Поскольку времена сейчас политкорректные, островитян оставили в покое, даже за убийства не покарали. Пусть живут, как хотят.
Вот они и живут. Мы даже не знаем, сколько их. Видимо, несколько сотен.
Я пытаюсь представить, как они там существуют в своем маленьком, до сантиметра изученном мире. Всё, что им нужно, у них есть. А больше они ничего не хотят. Только чтоб их не трогали. Я думал, что так не бывает. Что человек – существо, которому всегда всего мало и одним из главных инстинктов которого является любопытство. Ан нет.
Вот ей-богу, иногда, как мысли черные к тебе придут, начинаешь думать: записаться, что ли, в северные часовые? Встать на посту, никого к себе не подпускать, а кто сунется – стрелами по ним, стрелами.
Неспетая песня
Когда я готовился писать книжку «Летающий слон» (об авиаторах Первой мировой войны), у меня собралось множество любопытного материала о русских «летунах», как их тогда называли.
Судьба одного из них вполне тянет на отдельный роман, причем совершенно по моему профилю – из жанра «в эту ночь решили самураи». Уже ясно, что со своей «Историей Российского государства» и прочей мегаломанией романа этого я не напишу, поэтому вот вам неспетая песня моя.
И. Е. Репин. «Борис Акунин истребляет файлы»
…Братья Терлецкие, Константин (р. 1887) и Лев (р. 1895), были настоящими детьми XX века – больше всего на свете любили технический прогресс.

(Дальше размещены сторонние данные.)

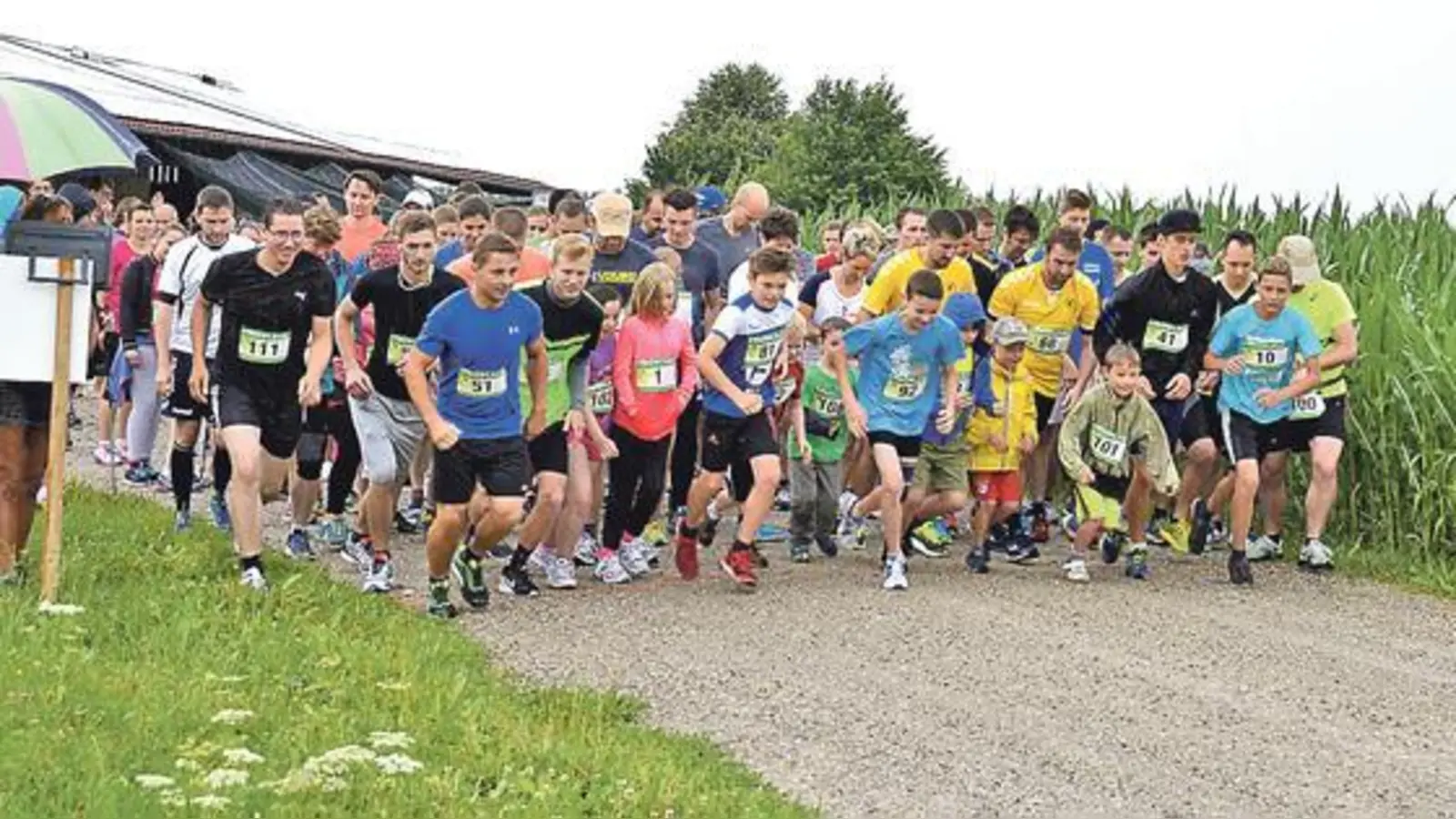 Stolze 100 Teilnehmer kamen heuer nach Buch zum 6. Kirchseeoner Südlauf.	 (Foto: Schutz des Kirchseeoner Südens e.V)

Константин бросил юридический факультет, чтобы поступить в Морской корпус и стать подводником, плавал на неуклюжих страшных субмаринах (про них я как-нибудь тоже напишу), потом стал известным конструктором и создал первую советскую подводную лодку «Декабрист».
Лев посвятил жизнь небу. Он воевал на той кровавой войне, которую сначала именовали «Отечественной», а потом забыли, потому что следующие войны оказались еще ужаснее. Я не нашел его имени в списке российских асов и георгиевских кавалеров, но судя по дальнейшей карьере, это был летчик от бога.
В отличие от старшего брата, он не нашел общего языка с Советами. Служил в Белой армии. Эмигрировал в Америку. С такой, как сказали бы сейчас, остроактуальной специальностью Лев Филиппович сумел найти хорошую работу – в только что созданной авиакомпании «Пан-Американ». И через некоторое время стал самым лучшим ее пилотом. Звали его теперь Leonard или Leo.
Настоящая American dream, а не компания
Любопытная для романиста деталь: судя по воспоминаниями, капитан Leo Terletsky был очень странным человеком. На земле – «настоящий европеец», «само очарование», но в воздухе превращался в истерика, орал на экипаж, никому не давал расслабиться. Один из сослуживцев утверждает, что прославленный пилот до смерти боялся летать. Такие люди есть: их вечно тянет к тому, чего они больше всего страшатся, и очень часто на этом поприще они достигают лучших результатов, чем остальные. (Известно, например, что доблестный воин Генрих Наваррский перед каждым сражением трясся от ужаса, но эта слабость лишь заставляла его искать самые опасные места в бою и приводила к победе.)